__Task directions__: Reproduce every entry below exactly, minus the pictures.

==== Dataset

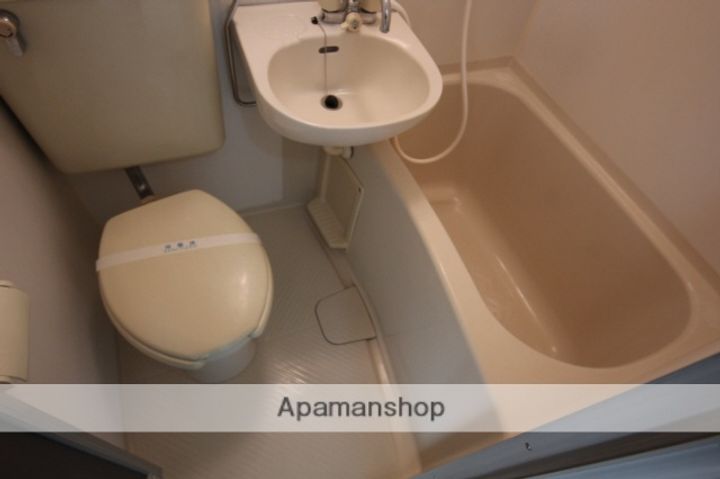 ステラ蛍池の風呂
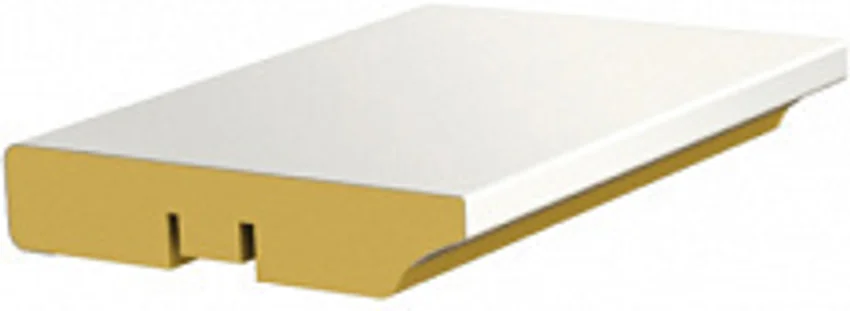 Плинтус прямой Aurum Doors 16-80-2070 мм серия Pd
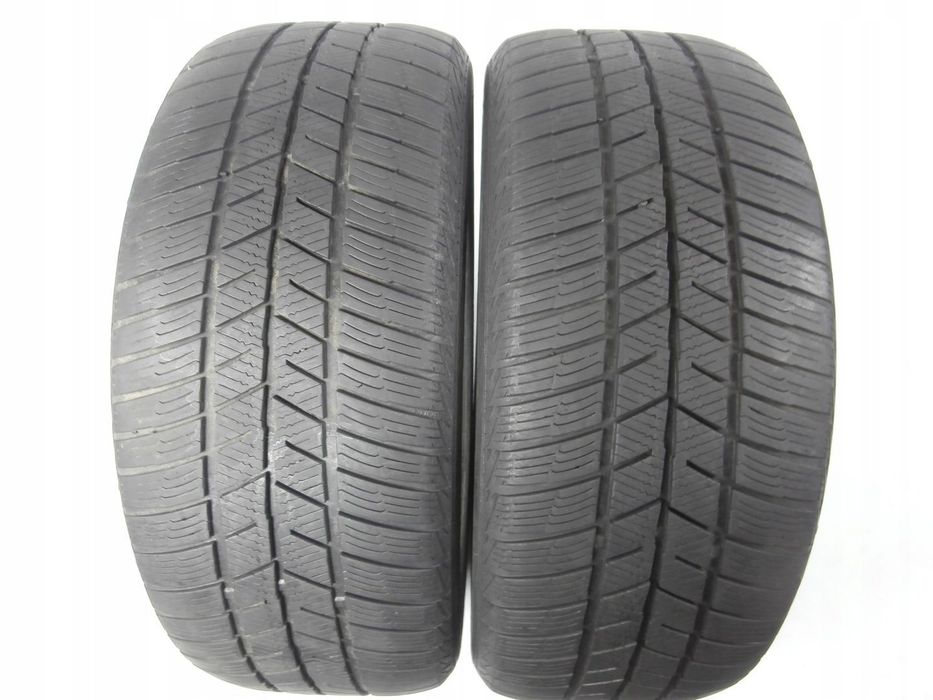 2X opony 255/50R19 BARUM POLARIS 5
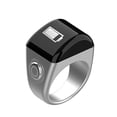 thumbnail image 1 of Smart Tasbih Prayer Counter, IP7 Waterproof Smart Ring, 5 Prayer, 1 of 8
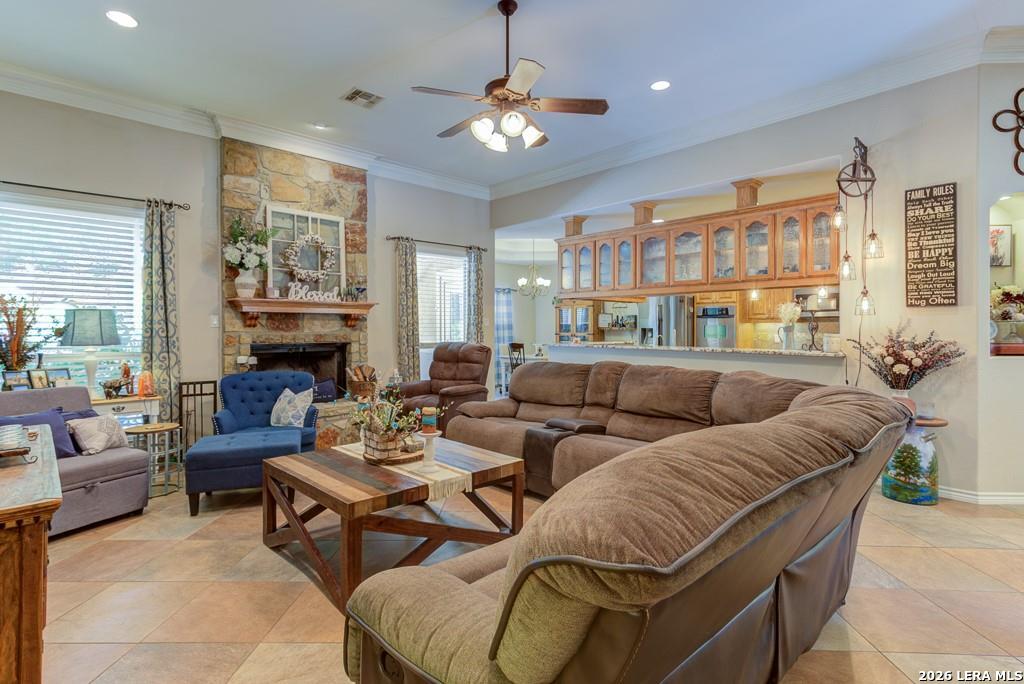 1057 Loma Verde Drive New Braunfels TX 78130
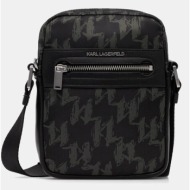 σακίδιο karl lagerfeld k/monogram κύριο υλικό: 78% πολυεστέρας, 22% πολυουρεθάνη
φόδρα: 100% ανακυκλ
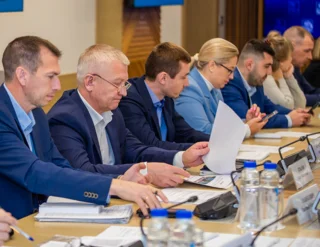 Глава Одинцовского округа провел заседание Комиссии по обеспечению безопасности дорожного движения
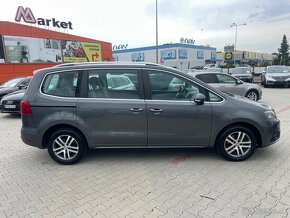 SEAT ALHAMBRA, 7 miestne, NA SR  KUPOVANE, 1.majitel - 7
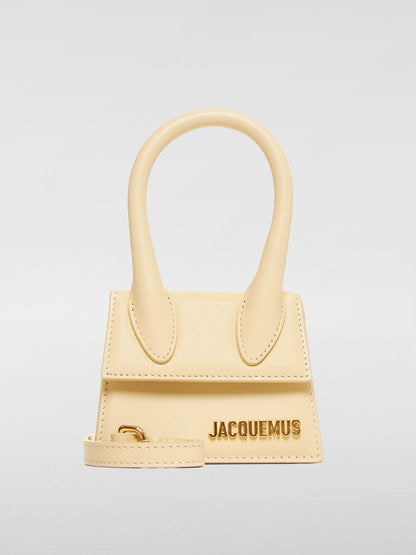 Jacquemus Mini Bag Woman White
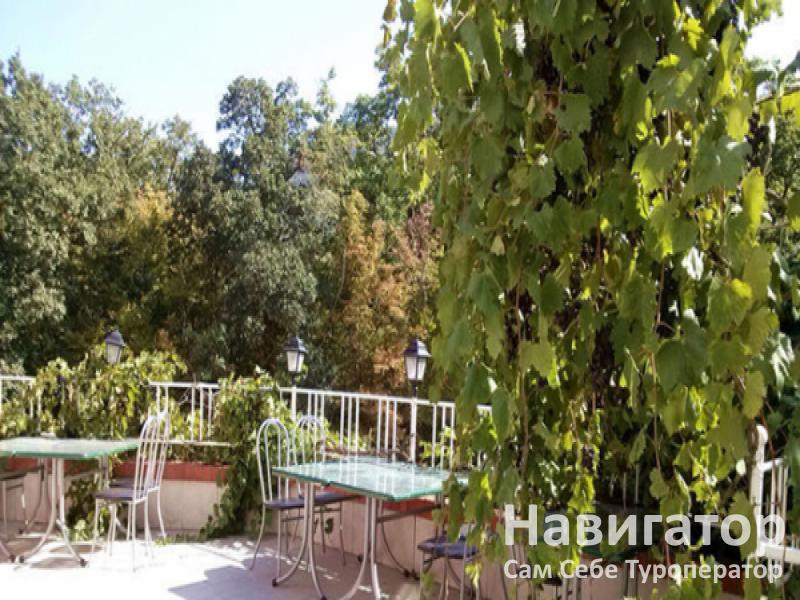 ДИАНА - пансионат в Широкая балка ДИАНА - пансионат в Широкая балка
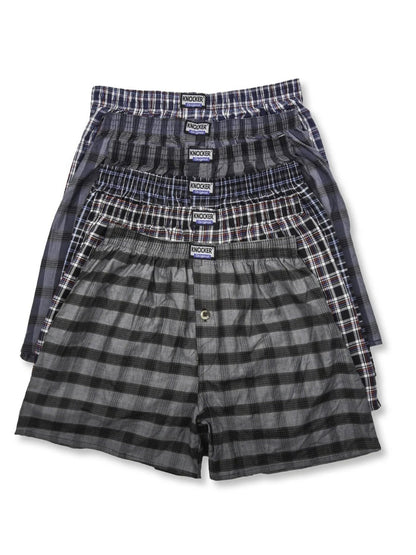 Men's Boxer Shorts - Everyday Comfort 3 Pack Everyday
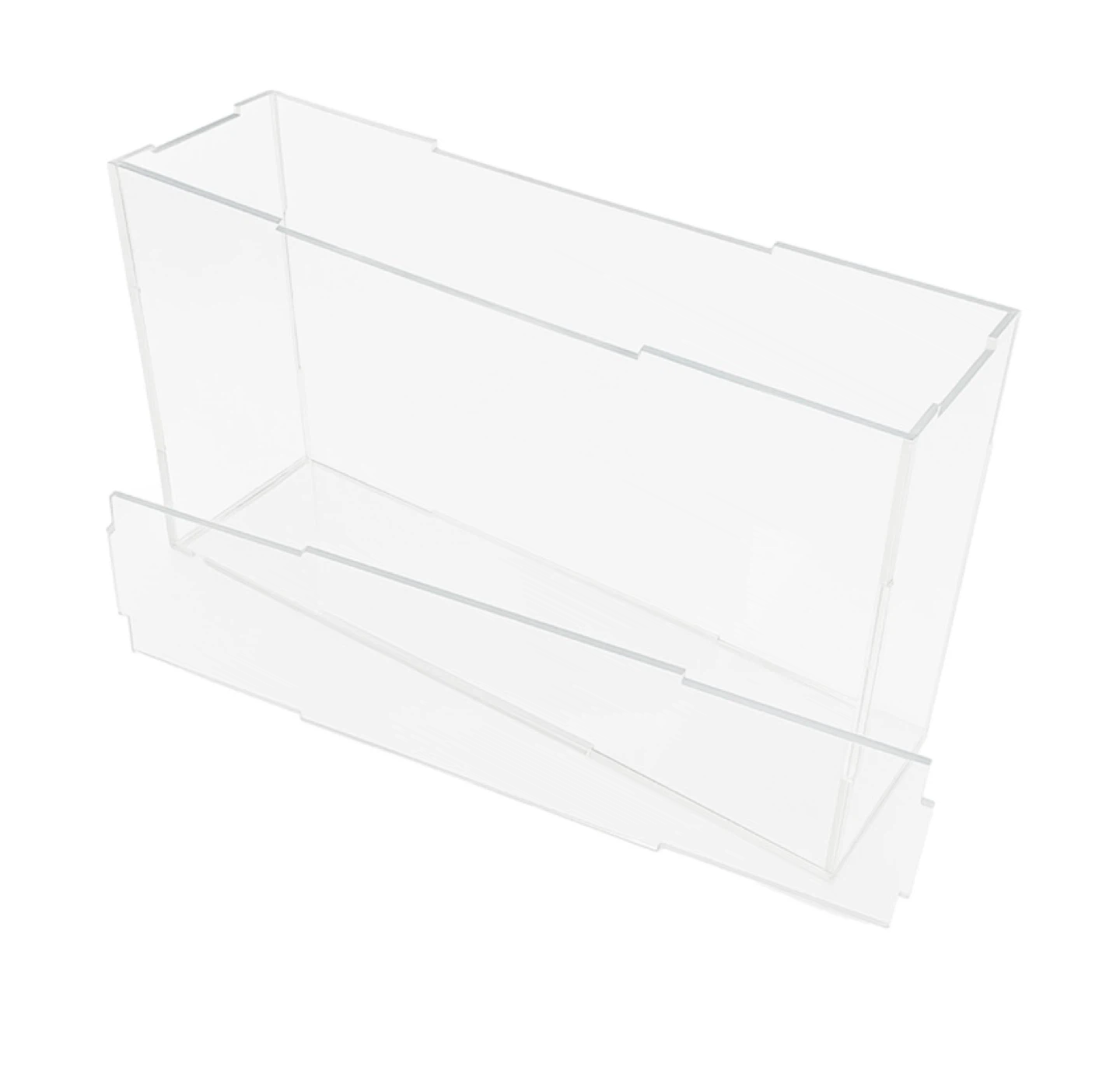 Pokemon high quality Charizard UPC Acrylic box - photo 5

========

__Task solution__:
 ステラ蛍池の風呂
 Плинтус прямой Aurum Doors 16-80-2070 мм серия Pd
 2X opony 255/50R19 BARUM POLARIS 5
 thumbnail image 1 of Smart Tasbih Prayer Counter, IP7 Waterproof Smart Ring, 5 Prayer, 1 of 8
 1057 Loma Verde Drive New Braunfels TX 78130
 σακίδιο karl lagerfeld k/monogram κύριο υλικό: 78% πολυεστέρας, 22% πολυουρεθάνη
φόδρα: 100% ανακυκλ
 Глава Одинцовского округа провел заседание Комиссии по обеспечению безопасности дорожного движения
 SEAT ALHAMBRA, 7 miestne, NA SR  KUPOVANE, 1.majitel - 7
 Jacquemus Mini Bag Woman White
 ДИАНА - пансионат в Широкая балка ДИАНА - пансионат в Широкая балка
 Men's Boxer Shorts - Everyday Comfort 3 Pack Everyday
 Pokemon high quality Charizard UPC Acrylic box - photo 5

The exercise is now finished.